2024年9月12日に産業ファンド投資法人の決算が発表されました。
分配金は当初の予想一口当たり分配金が3,390円のところ3,510円で着地しました。
尚、利益超過分配金86円が含まれています。
スポンサーのカーブアウト提案に乗る作戦は面白い

2024年7月期も、は強みとする従来からのCRE(Corporate Real Estate)提案を切り口とした物件ソーシング活動の他、CRE戦略の一環としてKKRグループ等との協働を通じて、企業価値向上を企図した企業からカーブアウトされる不動産に係る案件に取り組んでいます。具体的には、バランスシートやROE等の財務指標の改善・向上を志向する企業に対してセールアンドリースバックの提案を行い、当該企業から切り出される不動産を投資法人が取得又はブリッジ等によりパイプライン化してリースバックを実現します。2024年7月期においては、KKR投資先のロジスティード㈱とのCREカーブアウト案件として、2024年2月29日付で信託受益権4物件を裏付不動産とした匿名組合出資持分49.9%を、同年3月4日付でロジスティード㈱が全国に保有する基幹物流施設28物件を総額1,248億円で取得しました。また同年4月30日付でIIF岩手一関ロジスティクスセンターを取得しました。その一方で、2024年2月29日付でIIF横浜都筑R&Dセンターを、同年3月22日付でIIF神戸ロジスティクスセンター(準共有持分25%)を、同年3月29日付でIIF戸塚テクノロジーセンター(底地)(準共有持分30%)を譲渡し、不動産等売却益1,504百万円を計上しています。

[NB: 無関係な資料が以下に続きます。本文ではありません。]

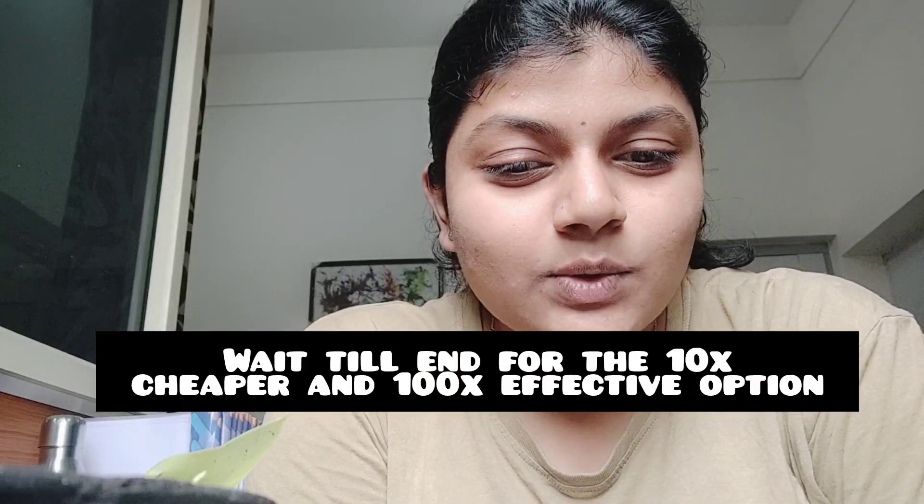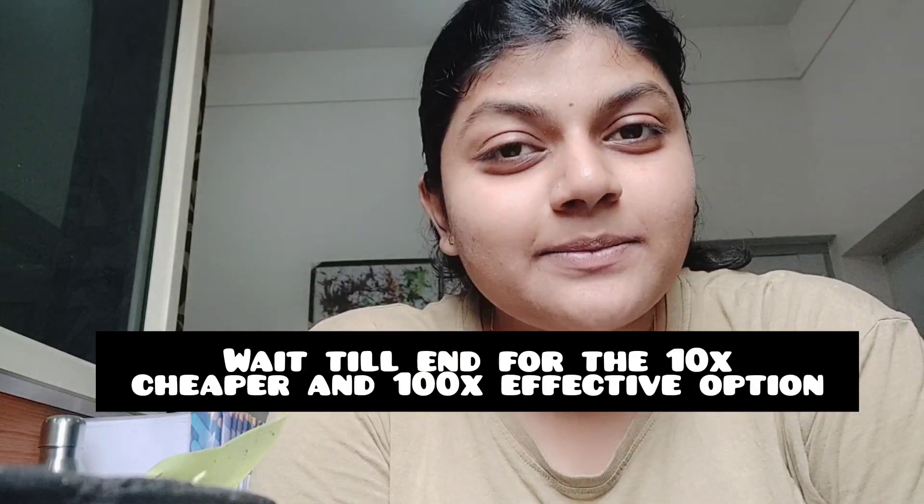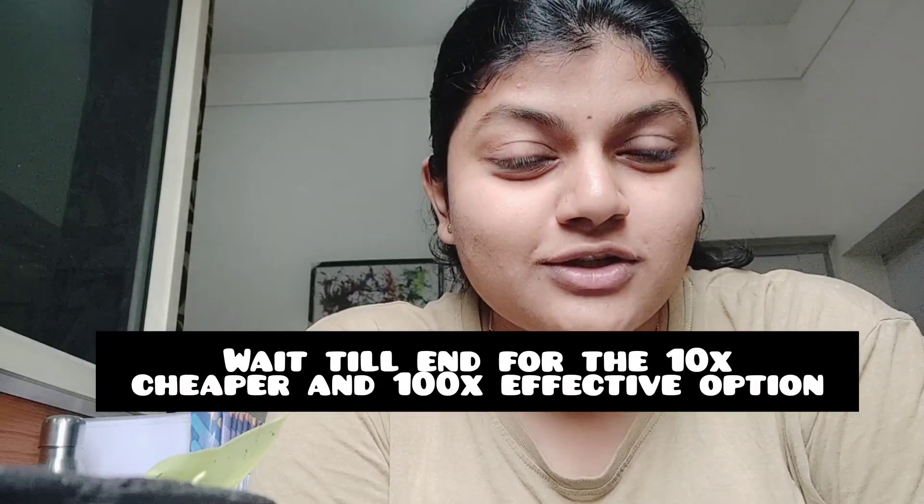Hello everyone, this is Ankita Moria Dissair and I am a BAC agriculture student and an agriculturist. Today I have some biocontrol agents, biocontrol fertilizers, and chemical reduction alternatives for you. I hope you are going to love it as it's cost-saving, time-saving, and more efficient for your plants.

これらの結果、投資法人の2024年7月期末時点の保有資産は、108物件(物流施設76物件、工場・研究開発施設等23物件、インフラ施設9物件)、取得価格の合計は498,744百万円となっています。また、ポートフォリオ全体の稼働率は99.9%となっており、良好な稼働状況を維持しています。上記のような運用の結果、2024年7月期の実績は、営業収益21,065百万円、営業利益9,980百万円、経常利益8,690百万円となり、当期純利益8,686百万円となりました。
自らの借入金の調達コストが高いことを認める姿勢は◎

2024年2月に公募増資を公表し、新規物件取得及び匿名組合出資持分取得のための資金調達を目的とした新投資口422,700口(オーバーアロットメントによる売出しに伴う第三者割当を含みます。)の発行を行い、48,772百万円の調達を行いました。この結果、2024年7月期末時点の発行済投資口の総口数は2,536,216口となっています。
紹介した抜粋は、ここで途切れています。